For a medicine to qualify for registration, it needs to be GMP certified, have an approved name and schedule, have a positive quality report and a Patient Information Leaflet.
SAHPRA is a member of Pharmaceutical International Corporate Scheme (PICS). If a site has been inspected by PICS member, SAHPRA conducts a desk review.

For clinical trials to be conducted, an applicant has to submit a clinical trial application form. The applicant needs the form, the protocol and supporting documents. This will be sent to the Clinical Trial unit for administrative and technical screening. This is to ensure completeness of the document. The document can be categorized under the following depending on the severity of issues with the document:
•      Category 1A: The document is approved out rightly. No issues were raised
•      Category 1B: The document checks all the boxes but needs approval from the ethics committee.

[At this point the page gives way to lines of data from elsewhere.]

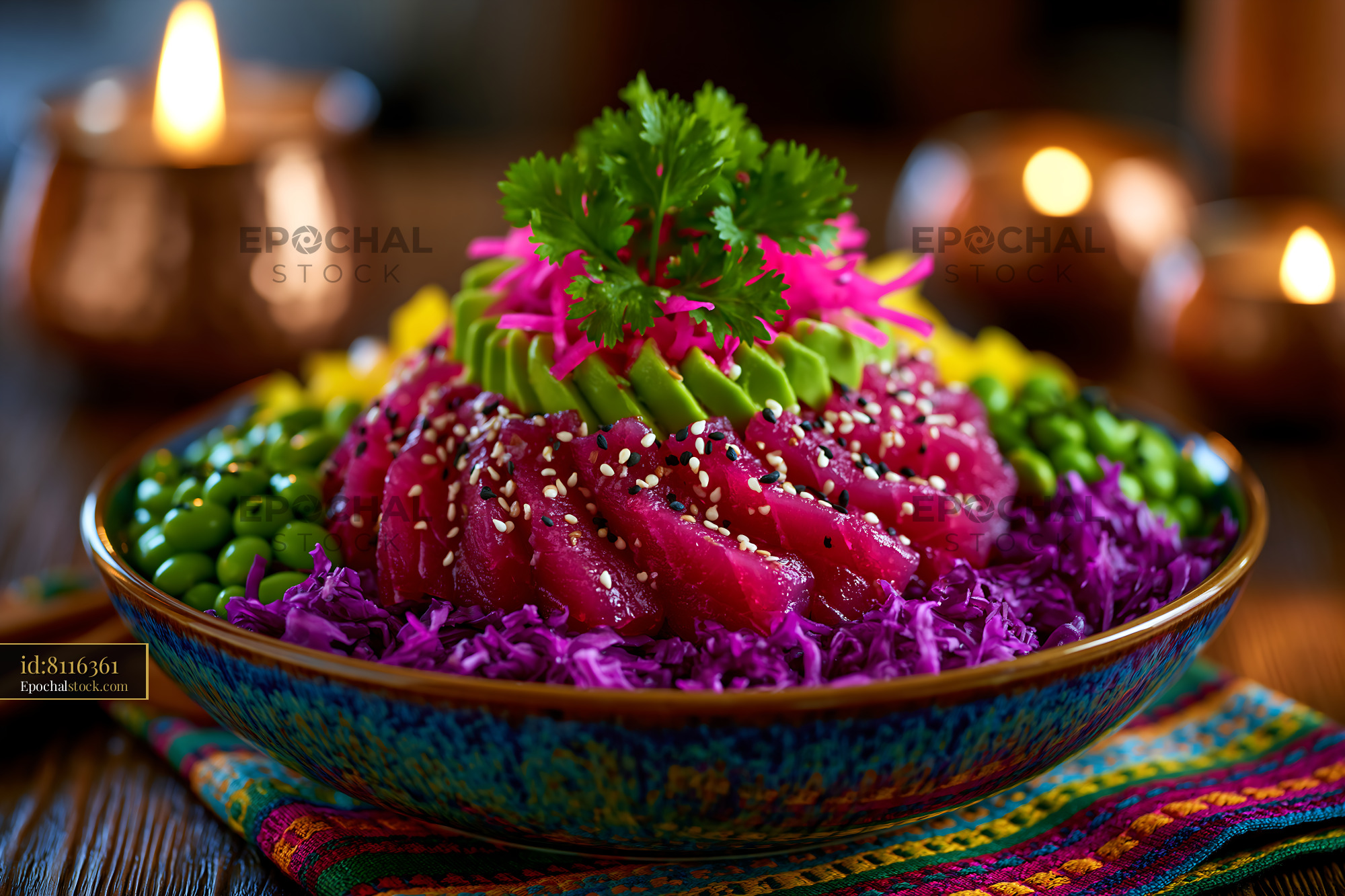 Watermarked full-resolution preview of Colorful bowl of fresh seafood and vegetables on a wooden table
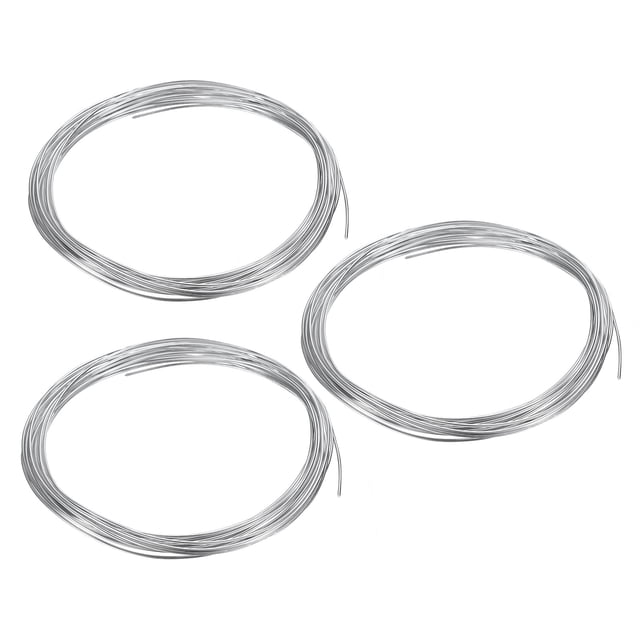 Uxcell 3 Rollos de Alambre de Zinc de Alta Pureza 99.99% de 18 Gauge Alambre de Zinc Puro de 1mm Alambre Suave para Beading (16.4Ft/Rollo)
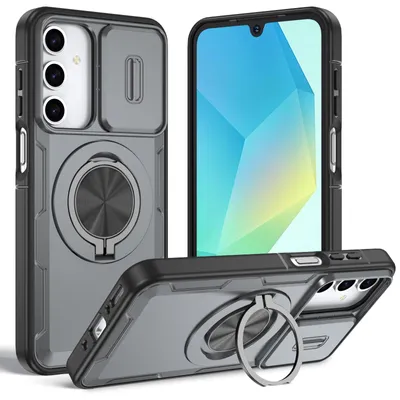 Produktbild von Magnetische Hülle für Samsung Galaxy A14 5G/4G, Militär Stoßfest Handyhülle mit Kameraschutz und Ringhalter Ständer Grau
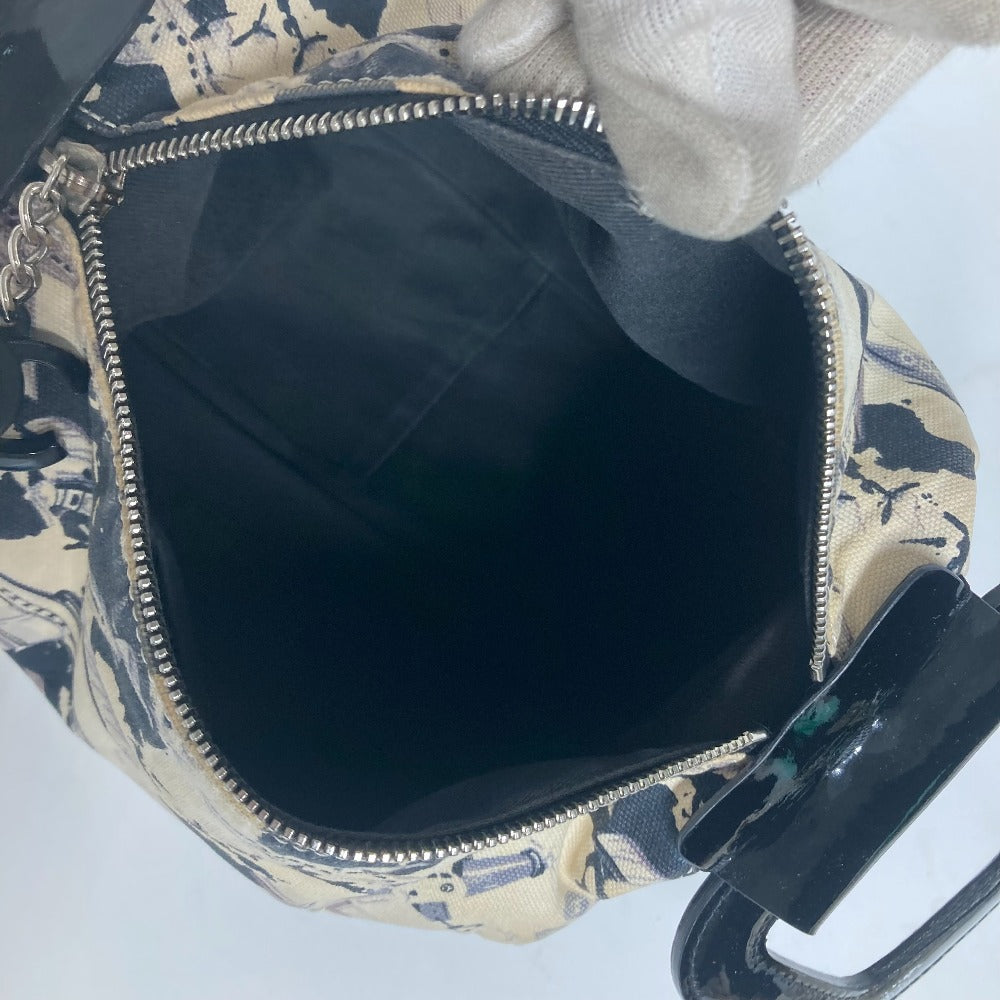 CHANEL ロゴ 飛行機 エアライン カバン ポーチ ハンドバッグ キャンバス レディース ブラック - brandshop-reference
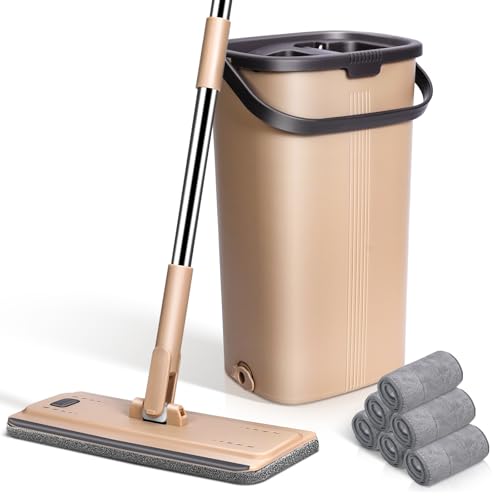 MASTERTOP Wischmopp Set mit Eimer, 2 in 1 Bodenwischer mit Einstellbar Edelstahlgriff und 6 Mikrofaser Moppkopf, Hand-Frei Wischmop & Putzeimer mit auswringfunktion für Hartholz Laminat Fliesen von MASTERTOP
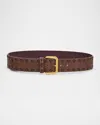 Etro Threaded Arnica-print Leather Belt In Burgundy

•      Category 2A: There are administrative issues with the document.
•      Category 2B: The issues in the application has to be evaluated against the applicant’s responses by the original reviewer. It does not need to go to the peer review committee.
•      Category 3: The are major deficiencies in the document. After responses have been evaluated by the initial reviewer it needs to be reviewed again by a team of experts.
•      Category 4: This is for applications of a new molecule that need the expertise of an individual outside the technical advisory team.
•      Category 5: The document has serious deficiencies and may have to be resubmitted.
SAHPRA has a software for clinical trials named the Clinical Trials database. However, it was not effective since it could not handle large documents and they are hoping to get a better system for this regulatory function.

SAHPRA uses Vigiflow software tool to report adverse drug reactions. There is a platform on the National Department of Health Website that allows health care professionals to report ADRs. The document is generated in pdf form. SAHPRA had an ADR Database created just for the authority. The only disadvantage was that when information had to be exported from the database to Vigiflow, some of the data gets trimmed and is lost.